*** Block opens ***

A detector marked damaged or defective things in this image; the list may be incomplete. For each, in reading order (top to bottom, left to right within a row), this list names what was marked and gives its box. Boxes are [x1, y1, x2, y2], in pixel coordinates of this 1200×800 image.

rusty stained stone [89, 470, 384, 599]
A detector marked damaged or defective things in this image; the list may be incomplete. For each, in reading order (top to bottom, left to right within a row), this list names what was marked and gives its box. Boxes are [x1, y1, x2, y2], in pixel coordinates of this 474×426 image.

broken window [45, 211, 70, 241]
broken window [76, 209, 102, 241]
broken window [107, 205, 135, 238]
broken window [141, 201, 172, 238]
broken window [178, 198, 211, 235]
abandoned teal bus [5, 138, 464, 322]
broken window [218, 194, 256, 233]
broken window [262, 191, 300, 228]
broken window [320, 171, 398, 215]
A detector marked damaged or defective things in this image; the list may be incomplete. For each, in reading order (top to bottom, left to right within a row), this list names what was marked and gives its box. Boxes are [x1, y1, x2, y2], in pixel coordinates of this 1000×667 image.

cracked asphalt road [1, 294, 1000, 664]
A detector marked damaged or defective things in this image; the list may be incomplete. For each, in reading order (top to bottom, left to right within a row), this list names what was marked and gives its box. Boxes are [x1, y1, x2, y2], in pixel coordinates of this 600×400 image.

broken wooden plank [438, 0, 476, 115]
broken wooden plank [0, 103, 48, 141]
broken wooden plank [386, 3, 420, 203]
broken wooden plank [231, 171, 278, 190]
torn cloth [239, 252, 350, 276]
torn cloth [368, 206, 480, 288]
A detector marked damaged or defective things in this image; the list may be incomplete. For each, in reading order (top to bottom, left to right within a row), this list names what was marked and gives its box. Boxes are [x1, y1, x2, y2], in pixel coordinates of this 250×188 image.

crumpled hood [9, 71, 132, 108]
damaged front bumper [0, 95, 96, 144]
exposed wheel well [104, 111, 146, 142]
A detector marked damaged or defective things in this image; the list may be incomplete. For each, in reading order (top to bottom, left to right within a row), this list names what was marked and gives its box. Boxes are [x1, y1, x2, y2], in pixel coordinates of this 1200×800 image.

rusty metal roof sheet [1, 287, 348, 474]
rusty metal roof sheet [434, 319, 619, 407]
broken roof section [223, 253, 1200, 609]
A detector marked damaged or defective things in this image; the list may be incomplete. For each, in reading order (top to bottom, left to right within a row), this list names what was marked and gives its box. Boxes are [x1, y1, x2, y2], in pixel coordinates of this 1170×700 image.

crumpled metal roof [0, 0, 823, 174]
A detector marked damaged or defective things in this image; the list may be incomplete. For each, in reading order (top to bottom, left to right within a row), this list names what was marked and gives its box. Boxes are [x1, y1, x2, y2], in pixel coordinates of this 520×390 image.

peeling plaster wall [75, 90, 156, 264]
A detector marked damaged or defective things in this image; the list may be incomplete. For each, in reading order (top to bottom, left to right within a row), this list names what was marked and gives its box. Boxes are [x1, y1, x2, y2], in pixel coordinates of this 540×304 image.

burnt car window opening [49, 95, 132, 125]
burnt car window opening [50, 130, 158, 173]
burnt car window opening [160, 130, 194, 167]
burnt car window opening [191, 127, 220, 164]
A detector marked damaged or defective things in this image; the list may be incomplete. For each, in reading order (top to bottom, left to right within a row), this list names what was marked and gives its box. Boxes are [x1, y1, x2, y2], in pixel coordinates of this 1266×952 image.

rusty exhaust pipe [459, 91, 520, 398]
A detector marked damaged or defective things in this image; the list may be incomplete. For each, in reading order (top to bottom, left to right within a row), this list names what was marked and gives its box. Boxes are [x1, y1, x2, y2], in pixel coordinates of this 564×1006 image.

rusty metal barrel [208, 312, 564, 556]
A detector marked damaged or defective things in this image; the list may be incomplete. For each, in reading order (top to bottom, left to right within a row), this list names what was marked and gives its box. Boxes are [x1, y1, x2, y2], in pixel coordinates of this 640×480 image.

*** Block closes ***

◆ Task goal: Every entry must appear in the answer, reproduced exactly.

◆ Written solution:
A detector marked damaged or defective things in this image; the list may be incomplete. For each, in reading order (top to bottom, left to right within a row), this list names what was marked and gives its box. Boxes are [x1, y1, x2, y2], in pixel coordinates of this 1200×800 image.

rusty stained stone [89, 470, 384, 599]
A detector marked damaged or defective things in this image; the list may be incomplete. For each, in reading order (top to bottom, left to right within a row), this list names what was marked and gives its box. Boxes are [x1, y1, x2, y2], in pixel coordinates of this 474×426 image.

broken window [45, 211, 70, 241]
broken window [76, 209, 102, 241]
broken window [107, 205, 135, 238]
broken window [141, 201, 172, 238]
broken window [178, 198, 211, 235]
abandoned teal bus [5, 138, 464, 322]
broken window [218, 194, 256, 233]
broken window [262, 191, 300, 228]
broken window [320, 171, 398, 215]
A detector marked damaged or defective things in this image; the list may be incomplete. For each, in reading order (top to bottom, left to right within a row), this list names what was marked and gives its box. Boxes are [x1, y1, x2, y2], in pixel coordinates of this 1000×667 image.

cracked asphalt road [1, 294, 1000, 664]
A detector marked damaged or defective things in this image; the list may be incomplete. For each, in reading order (top to bottom, left to right within a row), this list names what was marked and gives its box. Boxes are [x1, y1, x2, y2], in pixel coordinates of this 600×400 image.

broken wooden plank [438, 0, 476, 115]
broken wooden plank [0, 103, 48, 141]
broken wooden plank [386, 3, 420, 203]
broken wooden plank [231, 171, 278, 190]
torn cloth [239, 252, 350, 276]
torn cloth [368, 206, 480, 288]
A detector marked damaged or defective things in this image; the list may be incomplete. For each, in reading order (top to bottom, left to right within a row), this list names what was marked and gives its box. Boxes are [x1, y1, x2, y2], in pixel coordinates of this 250×188 image.

crumpled hood [9, 71, 132, 108]
damaged front bumper [0, 95, 96, 144]
exposed wheel well [104, 111, 146, 142]
A detector marked damaged or defective things in this image; the list may be incomplete. For each, in reading order (top to bottom, left to right within a row), this list names what was marked and gives its box. Boxes are [x1, y1, x2, y2], in pixel coordinates of this 1200×800 image.

rusty metal roof sheet [1, 287, 348, 474]
rusty metal roof sheet [434, 319, 619, 407]
broken roof section [223, 253, 1200, 609]
A detector marked damaged or defective things in this image; the list may be incomplete. For each, in reading order (top to bottom, left to right within a row), this list names what was marked and gives its box. Boxes are [x1, y1, x2, y2], in pixel coordinates of this 1170×700 image.

crumpled metal roof [0, 0, 823, 174]
A detector marked damaged or defective things in this image; the list may be incomplete. For each, in reading order (top to bottom, left to right within a row), this list names what was marked and gives its box. Boxes are [x1, y1, x2, y2], in pixel coordinates of this 520×390 image.

peeling plaster wall [75, 90, 156, 264]
A detector marked damaged or defective things in this image; the list may be incomplete. For each, in reading order (top to bottom, left to right within a row), this list names what was marked and gives its box. Boxes are [x1, y1, x2, y2], in pixel coordinates of this 540×304 image.

burnt car window opening [49, 95, 132, 125]
burnt car window opening [50, 130, 158, 173]
burnt car window opening [160, 130, 194, 167]
burnt car window opening [191, 127, 220, 164]
A detector marked damaged or defective things in this image; the list may be incomplete. For each, in reading order (top to bottom, left to right within a row), this list names what was marked and gives its box. Boxes are [x1, y1, x2, y2], in pixel coordinates of this 1266×952 image.

rusty exhaust pipe [459, 91, 520, 398]
A detector marked damaged or defective things in this image; the list may be incomplete. For each, in reading order (top to bottom, left to right within a row), this list names what was marked and gives its box. Boxes are [x1, y1, x2, y2], in pixel coordinates of this 564×1006 image.

rusty metal barrel [208, 312, 564, 556]
A detector marked damaged or defective things in this image; the list may be incomplete. For each, in reading order (top to bottom, left to right within a row), this list names what was marked and gives its box. Boxes are [x1, y1, x2, y2], in pixel coordinates of this 640×480 image.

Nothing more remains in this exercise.